WHAT TO DO: Transcribe exactly the line containing "3/5/2021 12:13:36 AM 125" and each line after it, through the end of the entries, with nothing before or after.

==================================================

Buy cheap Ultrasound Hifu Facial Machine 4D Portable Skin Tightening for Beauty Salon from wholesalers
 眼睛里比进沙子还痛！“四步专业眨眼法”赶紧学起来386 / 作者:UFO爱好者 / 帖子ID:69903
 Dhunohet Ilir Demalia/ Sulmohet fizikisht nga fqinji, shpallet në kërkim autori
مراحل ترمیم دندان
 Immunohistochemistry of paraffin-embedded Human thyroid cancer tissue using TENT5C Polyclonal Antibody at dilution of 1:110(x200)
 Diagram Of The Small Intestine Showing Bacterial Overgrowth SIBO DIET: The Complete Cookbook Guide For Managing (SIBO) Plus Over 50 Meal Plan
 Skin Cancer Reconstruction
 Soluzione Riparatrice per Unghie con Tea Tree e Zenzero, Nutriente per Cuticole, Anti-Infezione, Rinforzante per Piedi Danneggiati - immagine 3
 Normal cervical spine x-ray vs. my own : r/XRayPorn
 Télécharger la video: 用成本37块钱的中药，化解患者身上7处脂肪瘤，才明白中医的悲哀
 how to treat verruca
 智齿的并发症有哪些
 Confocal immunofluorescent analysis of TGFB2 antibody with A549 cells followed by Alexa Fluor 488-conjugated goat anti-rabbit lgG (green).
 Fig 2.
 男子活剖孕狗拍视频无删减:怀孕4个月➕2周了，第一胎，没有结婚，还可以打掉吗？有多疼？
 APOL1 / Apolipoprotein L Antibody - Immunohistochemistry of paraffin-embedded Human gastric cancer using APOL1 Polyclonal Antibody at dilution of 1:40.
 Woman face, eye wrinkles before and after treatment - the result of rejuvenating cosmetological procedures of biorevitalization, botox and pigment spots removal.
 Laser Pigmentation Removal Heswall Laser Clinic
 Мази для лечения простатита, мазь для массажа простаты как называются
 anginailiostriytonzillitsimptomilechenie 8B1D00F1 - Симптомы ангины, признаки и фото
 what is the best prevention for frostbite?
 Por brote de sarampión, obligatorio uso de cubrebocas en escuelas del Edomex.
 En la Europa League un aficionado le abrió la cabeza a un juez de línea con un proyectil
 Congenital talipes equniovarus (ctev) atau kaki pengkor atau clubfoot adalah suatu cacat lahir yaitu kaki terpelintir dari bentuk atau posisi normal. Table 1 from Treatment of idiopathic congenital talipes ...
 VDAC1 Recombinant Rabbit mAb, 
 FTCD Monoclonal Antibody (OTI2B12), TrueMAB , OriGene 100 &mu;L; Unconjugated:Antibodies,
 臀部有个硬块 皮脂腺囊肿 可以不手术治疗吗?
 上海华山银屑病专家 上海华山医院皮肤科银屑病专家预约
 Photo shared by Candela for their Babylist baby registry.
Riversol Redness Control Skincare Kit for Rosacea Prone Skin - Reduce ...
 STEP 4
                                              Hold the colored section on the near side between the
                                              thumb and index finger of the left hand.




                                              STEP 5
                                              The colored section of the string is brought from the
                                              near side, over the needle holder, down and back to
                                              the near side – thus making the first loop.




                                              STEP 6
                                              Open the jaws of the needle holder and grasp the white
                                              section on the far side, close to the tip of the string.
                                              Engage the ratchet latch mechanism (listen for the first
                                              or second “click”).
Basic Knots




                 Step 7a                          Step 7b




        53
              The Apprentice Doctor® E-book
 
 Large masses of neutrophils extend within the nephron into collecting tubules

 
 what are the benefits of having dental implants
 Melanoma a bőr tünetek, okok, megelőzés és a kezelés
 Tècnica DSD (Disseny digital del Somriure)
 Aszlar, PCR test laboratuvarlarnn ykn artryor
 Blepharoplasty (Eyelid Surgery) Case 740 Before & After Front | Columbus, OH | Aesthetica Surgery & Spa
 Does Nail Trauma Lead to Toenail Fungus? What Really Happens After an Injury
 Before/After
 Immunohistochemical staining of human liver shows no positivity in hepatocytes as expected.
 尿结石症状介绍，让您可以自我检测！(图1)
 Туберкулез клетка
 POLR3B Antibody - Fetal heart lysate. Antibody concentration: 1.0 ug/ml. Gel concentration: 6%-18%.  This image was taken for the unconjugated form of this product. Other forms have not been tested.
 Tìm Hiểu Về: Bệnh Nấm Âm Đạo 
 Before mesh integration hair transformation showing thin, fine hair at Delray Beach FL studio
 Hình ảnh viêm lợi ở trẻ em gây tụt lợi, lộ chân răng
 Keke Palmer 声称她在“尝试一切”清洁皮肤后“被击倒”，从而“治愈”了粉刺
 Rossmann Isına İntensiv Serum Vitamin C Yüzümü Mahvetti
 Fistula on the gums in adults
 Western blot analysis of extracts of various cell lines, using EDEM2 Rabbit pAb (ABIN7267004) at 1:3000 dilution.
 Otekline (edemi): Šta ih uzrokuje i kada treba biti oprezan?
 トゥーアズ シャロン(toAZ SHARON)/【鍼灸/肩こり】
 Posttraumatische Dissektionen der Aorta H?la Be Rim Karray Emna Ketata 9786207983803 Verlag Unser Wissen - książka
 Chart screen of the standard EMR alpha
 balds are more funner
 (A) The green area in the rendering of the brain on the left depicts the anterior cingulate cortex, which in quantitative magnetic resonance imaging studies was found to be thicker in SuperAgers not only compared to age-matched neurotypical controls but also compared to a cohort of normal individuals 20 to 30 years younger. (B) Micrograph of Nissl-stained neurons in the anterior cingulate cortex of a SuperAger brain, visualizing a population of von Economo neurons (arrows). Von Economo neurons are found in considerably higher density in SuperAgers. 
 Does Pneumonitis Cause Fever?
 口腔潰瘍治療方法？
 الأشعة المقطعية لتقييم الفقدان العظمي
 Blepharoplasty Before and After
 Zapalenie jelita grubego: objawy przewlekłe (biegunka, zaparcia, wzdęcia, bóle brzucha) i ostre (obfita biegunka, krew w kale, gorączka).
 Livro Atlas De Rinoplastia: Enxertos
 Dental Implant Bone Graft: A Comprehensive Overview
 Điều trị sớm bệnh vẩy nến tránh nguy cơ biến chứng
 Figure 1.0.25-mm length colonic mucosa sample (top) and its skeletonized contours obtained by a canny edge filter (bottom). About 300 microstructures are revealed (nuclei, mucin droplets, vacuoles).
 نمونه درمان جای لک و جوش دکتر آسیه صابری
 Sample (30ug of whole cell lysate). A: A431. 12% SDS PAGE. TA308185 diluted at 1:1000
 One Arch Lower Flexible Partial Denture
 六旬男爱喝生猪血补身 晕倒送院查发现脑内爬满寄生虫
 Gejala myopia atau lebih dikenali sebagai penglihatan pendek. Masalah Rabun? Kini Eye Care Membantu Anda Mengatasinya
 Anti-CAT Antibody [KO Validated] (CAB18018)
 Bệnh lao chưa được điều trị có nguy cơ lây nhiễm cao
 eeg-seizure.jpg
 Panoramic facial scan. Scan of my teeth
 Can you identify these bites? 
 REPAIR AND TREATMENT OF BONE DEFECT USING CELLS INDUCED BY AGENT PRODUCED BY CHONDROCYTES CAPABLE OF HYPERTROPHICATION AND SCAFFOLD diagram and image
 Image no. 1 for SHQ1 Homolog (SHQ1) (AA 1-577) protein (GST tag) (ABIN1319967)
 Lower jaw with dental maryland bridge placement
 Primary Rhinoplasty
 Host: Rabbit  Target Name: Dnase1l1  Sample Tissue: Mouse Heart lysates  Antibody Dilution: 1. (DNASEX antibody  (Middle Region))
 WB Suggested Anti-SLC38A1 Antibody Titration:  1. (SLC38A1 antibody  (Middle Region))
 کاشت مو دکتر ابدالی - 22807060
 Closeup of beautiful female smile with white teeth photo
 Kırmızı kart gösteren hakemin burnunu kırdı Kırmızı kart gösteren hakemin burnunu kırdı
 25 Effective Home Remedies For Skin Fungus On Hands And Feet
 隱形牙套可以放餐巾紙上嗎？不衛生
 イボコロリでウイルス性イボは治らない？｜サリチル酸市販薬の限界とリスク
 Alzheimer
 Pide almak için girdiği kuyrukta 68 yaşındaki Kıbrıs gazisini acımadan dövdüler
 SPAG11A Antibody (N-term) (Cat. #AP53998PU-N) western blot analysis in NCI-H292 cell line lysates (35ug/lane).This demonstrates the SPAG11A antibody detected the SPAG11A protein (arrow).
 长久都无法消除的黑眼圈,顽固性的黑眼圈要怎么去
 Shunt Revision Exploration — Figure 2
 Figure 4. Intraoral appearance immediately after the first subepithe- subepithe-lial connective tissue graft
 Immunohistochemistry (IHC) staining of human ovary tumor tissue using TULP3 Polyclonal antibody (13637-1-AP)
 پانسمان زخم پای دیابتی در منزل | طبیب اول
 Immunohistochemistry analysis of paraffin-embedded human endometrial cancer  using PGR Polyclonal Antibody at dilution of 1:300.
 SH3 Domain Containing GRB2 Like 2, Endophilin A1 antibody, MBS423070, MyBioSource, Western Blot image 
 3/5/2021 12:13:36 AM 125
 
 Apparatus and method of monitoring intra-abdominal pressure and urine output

==================================================

TASK OUTPUT:
 3/5/2021 12:13:36 AM 125
 
 Apparatus and method of monitoring intra-abdominal pressure and urine output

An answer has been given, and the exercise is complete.